If you encounter NaN or infinite values in the loss during Sentence Transformer training, start by checking learning rates and optimizer settings. A high learning rate can cause gradient updates to overshoot stable minima, leading to exploding gradients and numerical instability. For example, using a learning rate above 1e-4 without a warmup schedule can destabilize training. Reduce the learning rate (e.g., to 1e-5) and enable gradient clipping (e.g., max_grad_norm=1.0
) to limit large updates. Additionally, verify that your optimizer (e.g., Adam) isn’t accumulating numerical errors in its momentum terms—this can happen with mixed-precision training if not properly configured.
Next, inspect your input data and preprocessing. NaN values often arise from invalid or poorly scaled inputs. Check for empty strings, malformed text, or extreme values in tokenized inputs (e.g., due to rare tokens or incorrect tokenizer settings).

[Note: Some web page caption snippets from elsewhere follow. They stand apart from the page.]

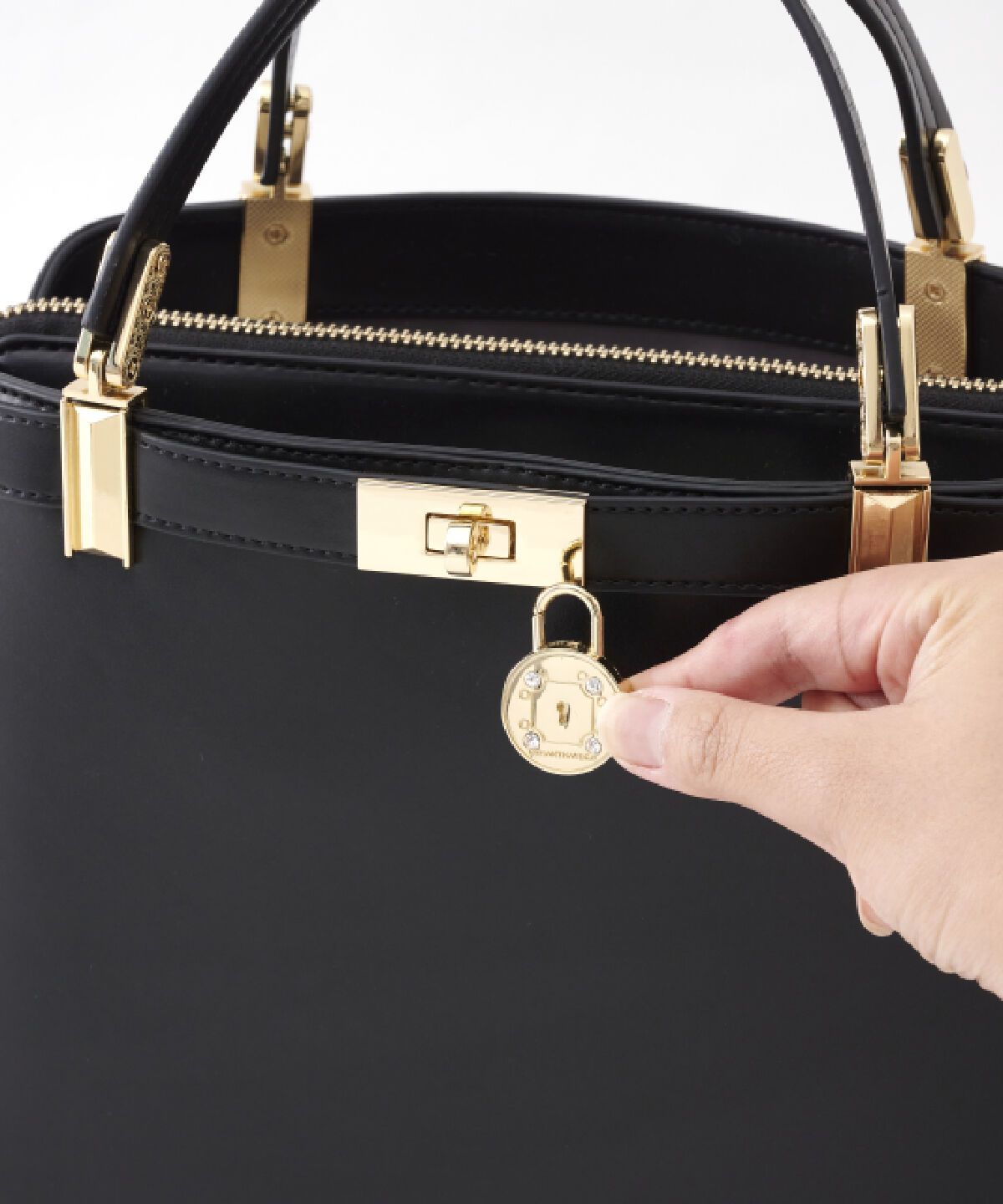 Samantha Vega「サークルロックハンドバッグ」|ハンドバッグ|
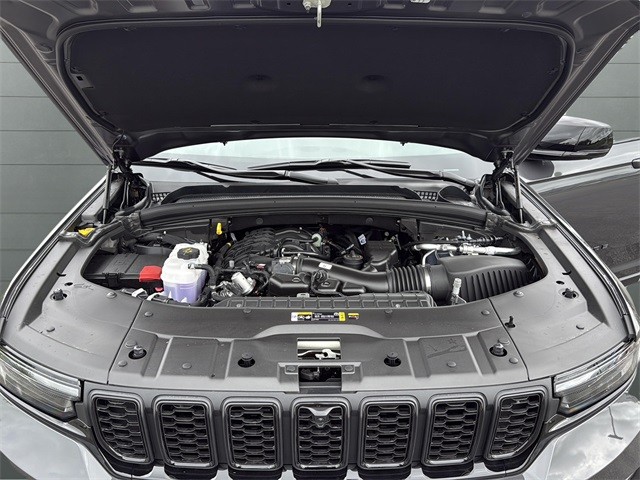 Jeep Grand Cherokee Vehicle Full-screen Gallery Image 18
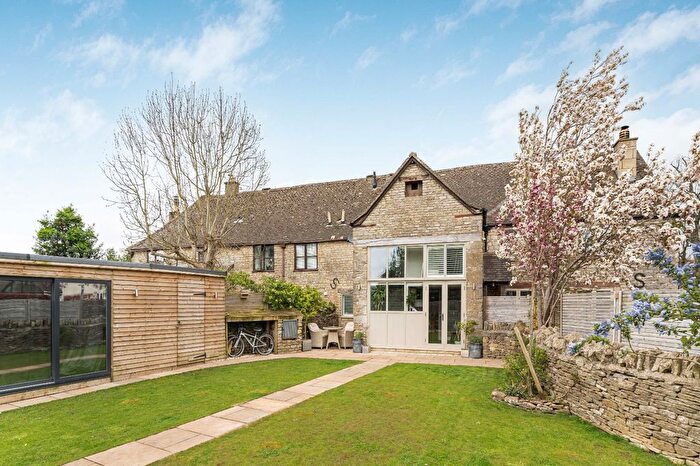 5 Bedroom Semi Detached House For Sale In Cirencester Road, Minchinhampton, Stroud, Gloucestershire, GL6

For triplet or contrastive loss, ensure that positive/negative pairs are correctly formatted and that embeddings aren’t collapsing (e.g., all outputs becoming nearly identical). For example, if all sentence embeddings are near-zero, cosine similarity calculations might produce NaN. Normalize embeddings (e.g., using L2 normalization) or scale similarity scores to avoid division by zero in loss functions like Softmax or CrossEntropy.
Finally, review the model architecture and numerical operations. Debug the loss function implementation: for instance, using log
operations without clamping (e.g., log(0)
) can produce NaNs. Check for numerical precision issues in mixed-precision training—disable AMP (Automatic Mixed Precision) temporarily to isolate the problem. If using custom layers, validate that operations like attention scores or pooling aren’t producing invalid values. For example, an uninitialized projection layer might output extreme values. Test with a smaller subset of data and a simplified model (e.g., fewer layers) to identify the root cause. Tools like gradient checking or logging intermediate tensor values (e.g., embeddings, loss components) can pinpoint where NaNs first appear.